Counsel for the Respondent: Wayne R. Lonsdale

                                            _______________________________________________________

Reasons for Judgment

(Delivered orally from the bench at Sudbury, Ontario, on May 21, 1998)

Mogan J.

[1]            This is an appeal brought under that part of the Excise Tax Act which enacts the goods and services tax legislation. The issue is whether the Appellant can claim a new housing rebate as that phrase is defined and applied in section 256 of the Act. The Appellant has elected the informal procedure.

[2]            The facts in this case are very straightforward and they cover two areas. First, concerning the house itself, the Appellant and his wife reside in Sault Ste. Marie, Ontario and decided early in 1991 to build a new home. The new house was located at 1356 Old Garden River Road and the Appellant and his wife acted as their own general contractor.
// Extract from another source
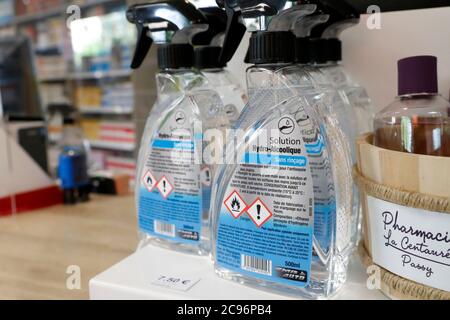 Coronavirus-Epidemie (COVID-19). Hydroalkoholisches Gel. Apotheke. Frankreich. Stockfoto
They had enough knowledge to embark on this endeavour themselves and they subcontracted certain areas of skilled trades like electrical and plumbing work, roofing, concrete foundation, etc.
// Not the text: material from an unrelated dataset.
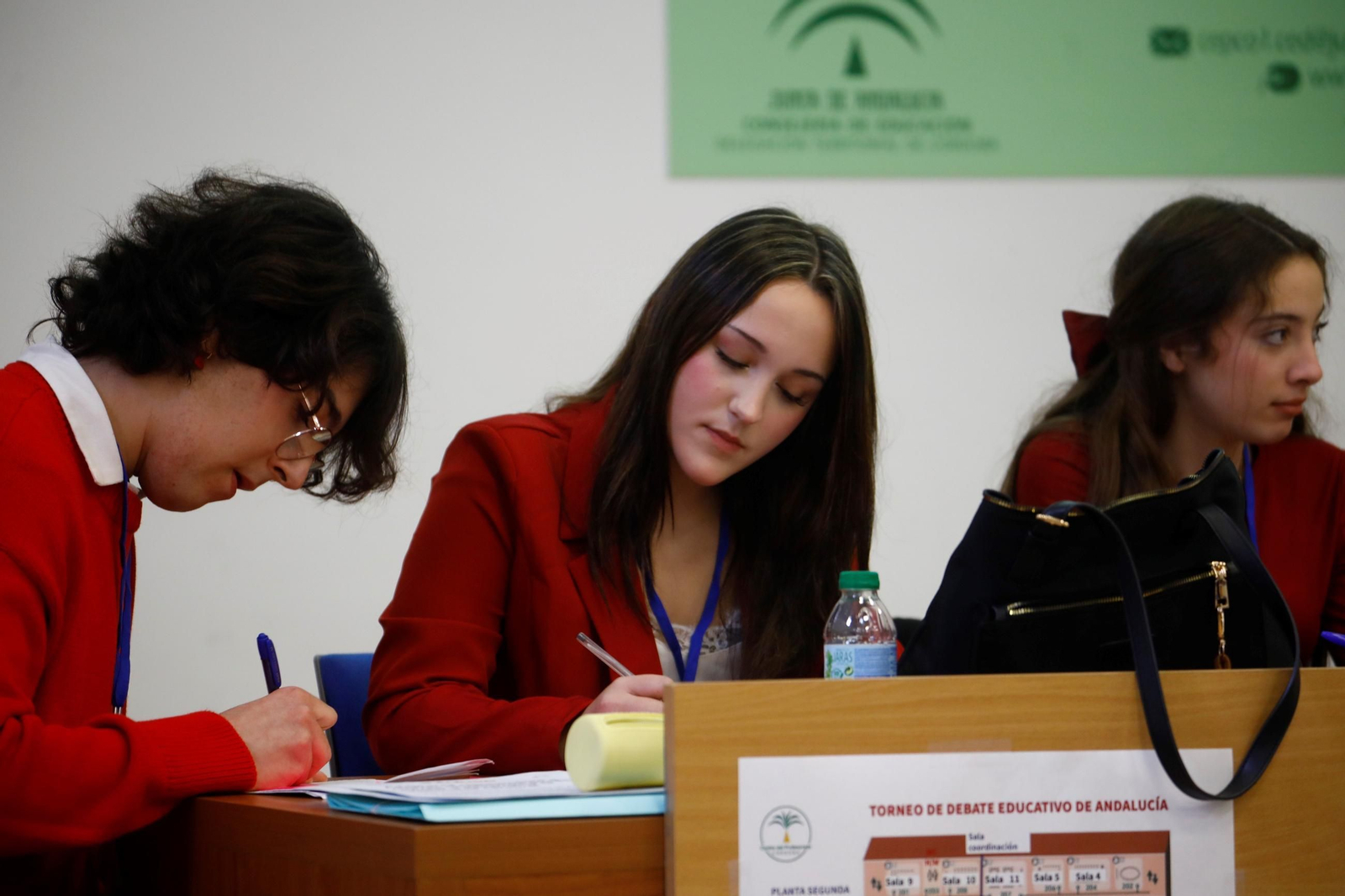 Comienza el torneo provincial de debate estudiantil en Córdoba, en imágenes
[3]            The construction began in April 1991 and the house was liveable by August 1991, at which time the Appellant and his wife moved in. Therefore, they first occupied the premises in August 1991. The other area of fact that is straightforward is that the Appellant and his spouse did have knowledge of the new housing rebate being available. They heard about it in the summer of 1991 but it was only, in their mind, a kind of suggestion, rumour or idea that there was available some kind of new housing rebate.

[4]                 Immediately after they occupied the new home, the Appellant's wife made a number of inquiries to find out about the new housing rebate. She called Bell Canada looking for an information line for GST information in the Government telephone pages. Bell Canada could not help her, but suggested that she call Revenue Canada in Sudbury which she did but, the person answering the telephone was not aware of the new housing rebate and was not able to give her any useful information.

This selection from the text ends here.